Ask Colin

In BRW 26 July 2003 you discussed ABC Learning Centres (ABS), but it has a PE ratio of 21.9 versus the industry ratio of 13. Am I missing something?

Yes, I am afraid you are.

In the discussion I said:

"This column has maintained a focus on buying uptrending stocks that have low price/earnings ratios. Although this approach will also work well when the bulls again begin to roam the bourse, an additional strategy will become appropriate - buying growth stocks.

A chart that seems to be developing in the pattern typical of good growth companies is ABC Learning Centres (ABS).

I have bolded the bit I think you have missed.

I operate on two models of how markets work - the value model and the growth model. I outlined them in Shares Charting Guide Issue No 1, which is now sold out, but the articles are on my subscription web site. They are also outlined in my videotape Building Wealth Through Shares.
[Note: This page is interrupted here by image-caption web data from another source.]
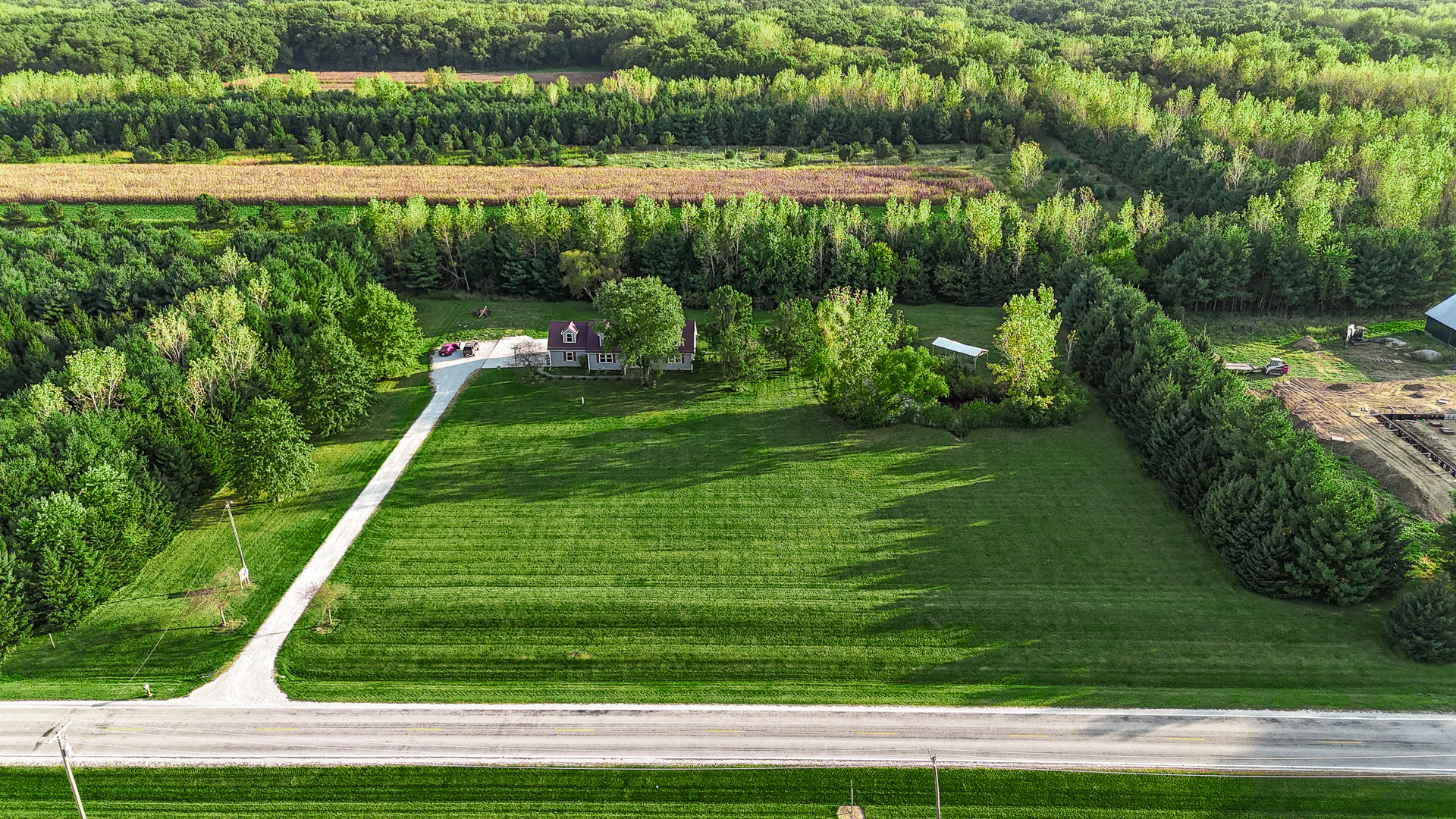 15598 E 3500N Road, Momence, IL 60954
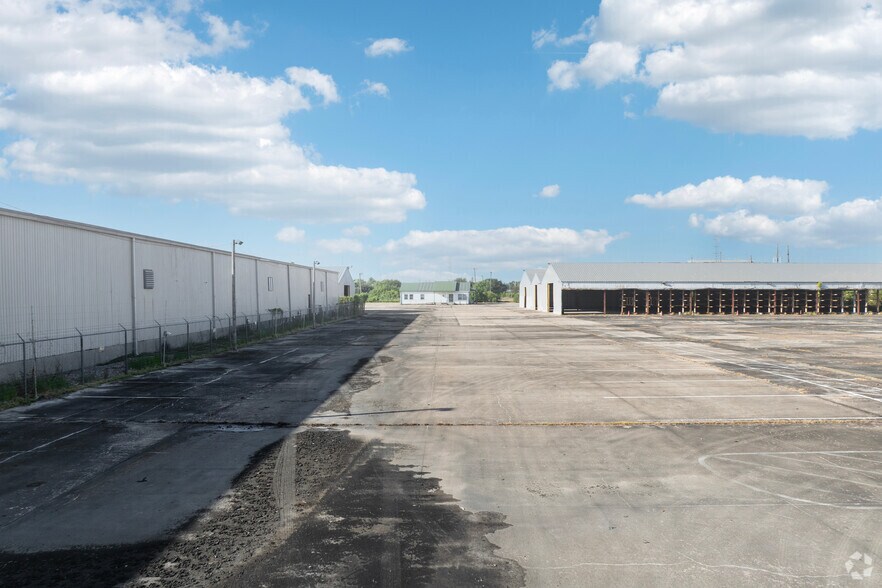 More Photos Of 4812 Gulf Fwy, Houston Warehouse For Sale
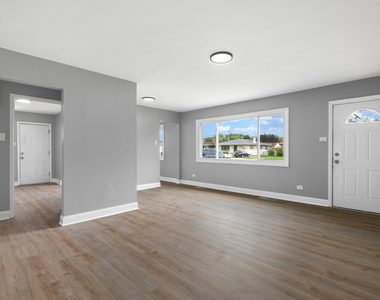 1278 Burnham Avenue - Photo Thumbnail 4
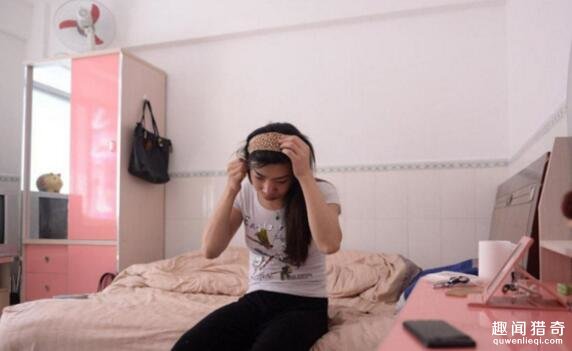 男孩变性后的每天生活,兼职了工厂和舞厅白天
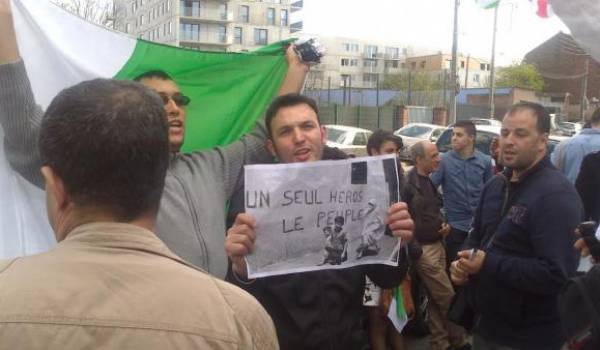 Samedi à Lille. Benyounès et Ghoul subissent la colère des émigrés algériens. 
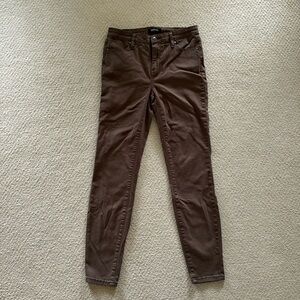 Women’s Brown Slim Fit Jeans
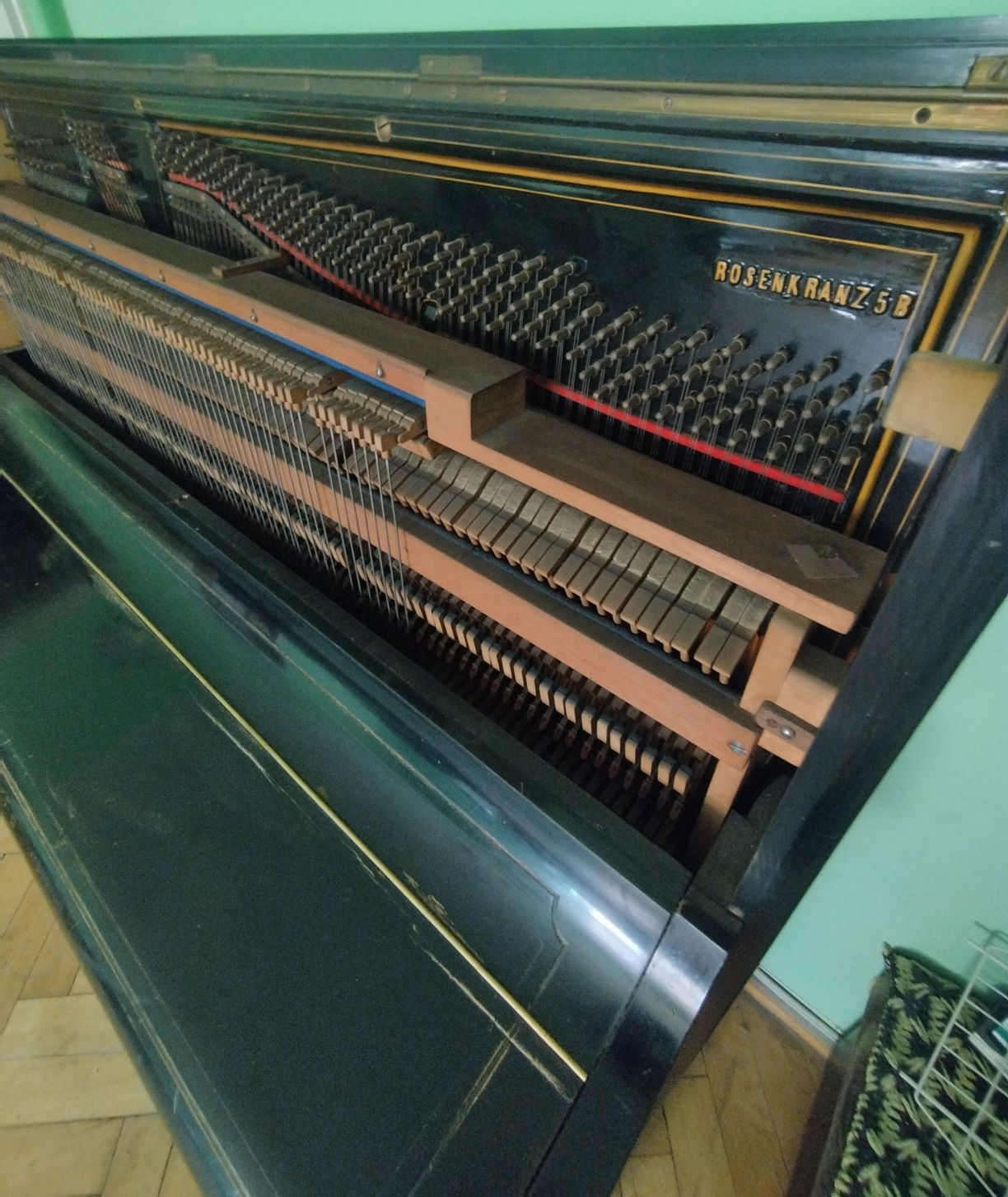 Zabytkowe pianino Rosenkranz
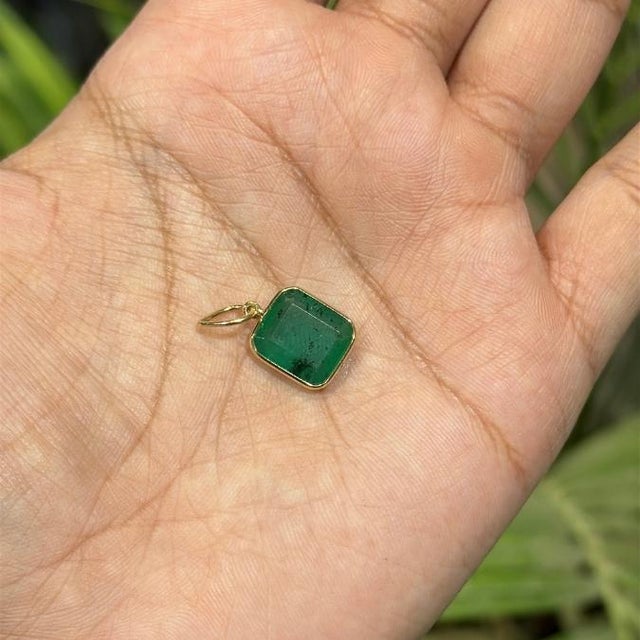 Art Deco Modernist 3.66ct Octagon Emerald Bezel Pendant in 14k Yellow Gold For Sale - Image 3 of 13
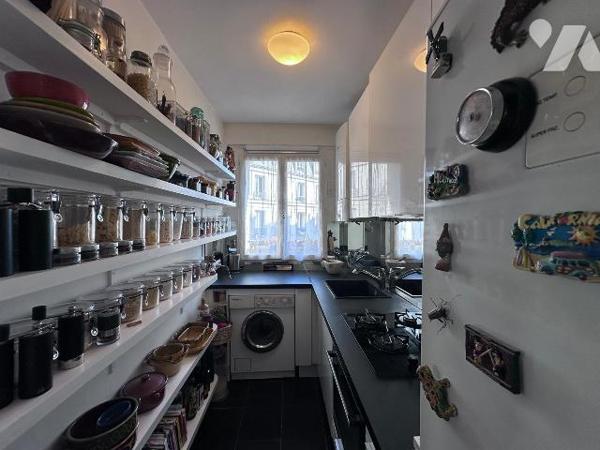 Au 40 rue Faidherbe PARIS 11è, appartement de type 2 au 4ème étage, vendu en viager occupé.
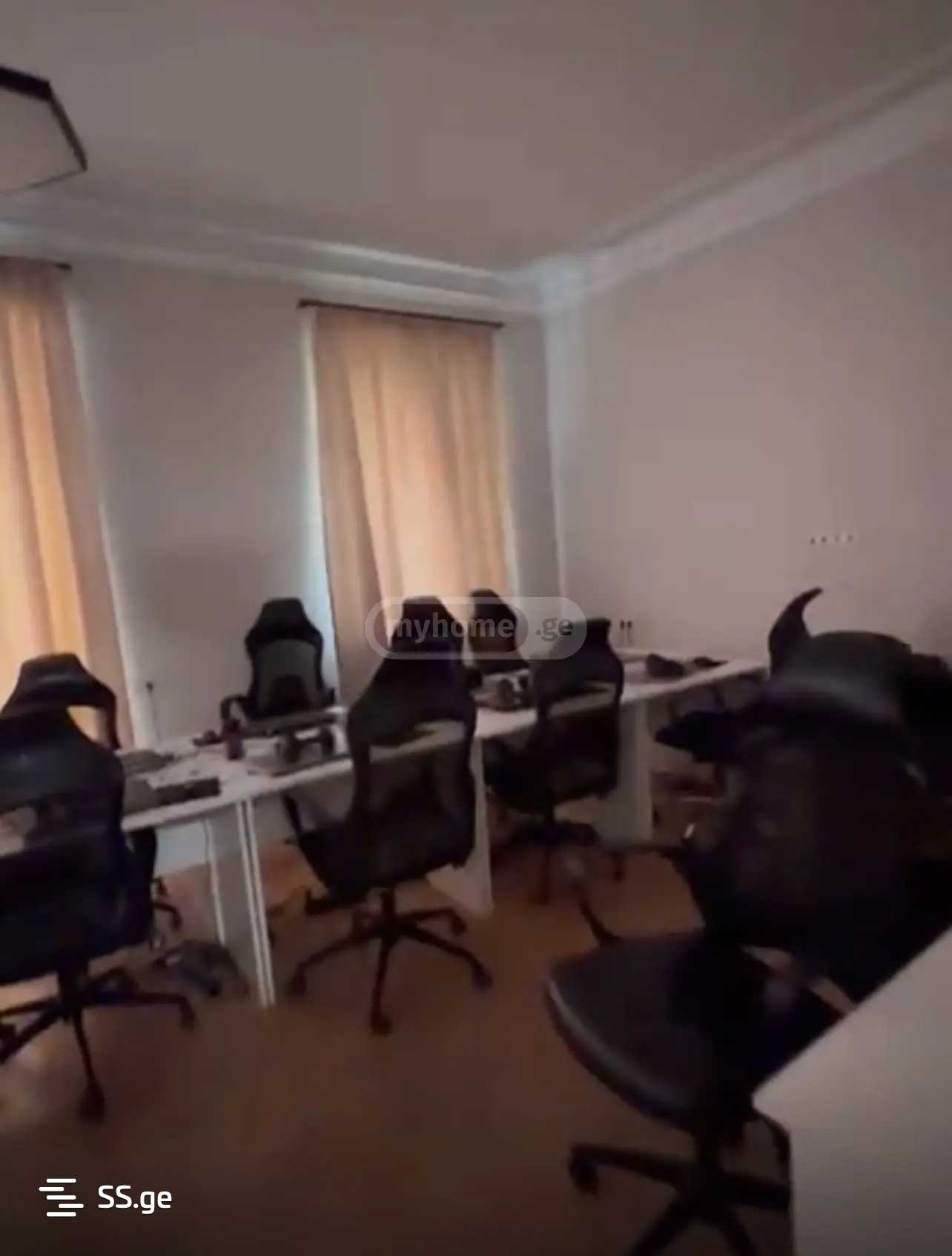 8 Room Private House For Rent. Saburtalo, 1 of 12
What I was trying to say is that the value model has been working well, but it was coming to the time when the growth model would also come back into use. ABS is a stock that fits the growth model. The PE ratio of growth stocks tends to higher than for value model stocks, because of their expected growth. However, their ratios can also be too high. A PE ratio of 22 when the market average is about 15 is demanding, but not overly so.

PS Although I owned ABC Learning Centres myself, I subsequently sold it when it gave one of my sell signals. This was well before it became obvious that there were big problems. It is a further reminder that failing companies almost invariably give warning signs some years before the end.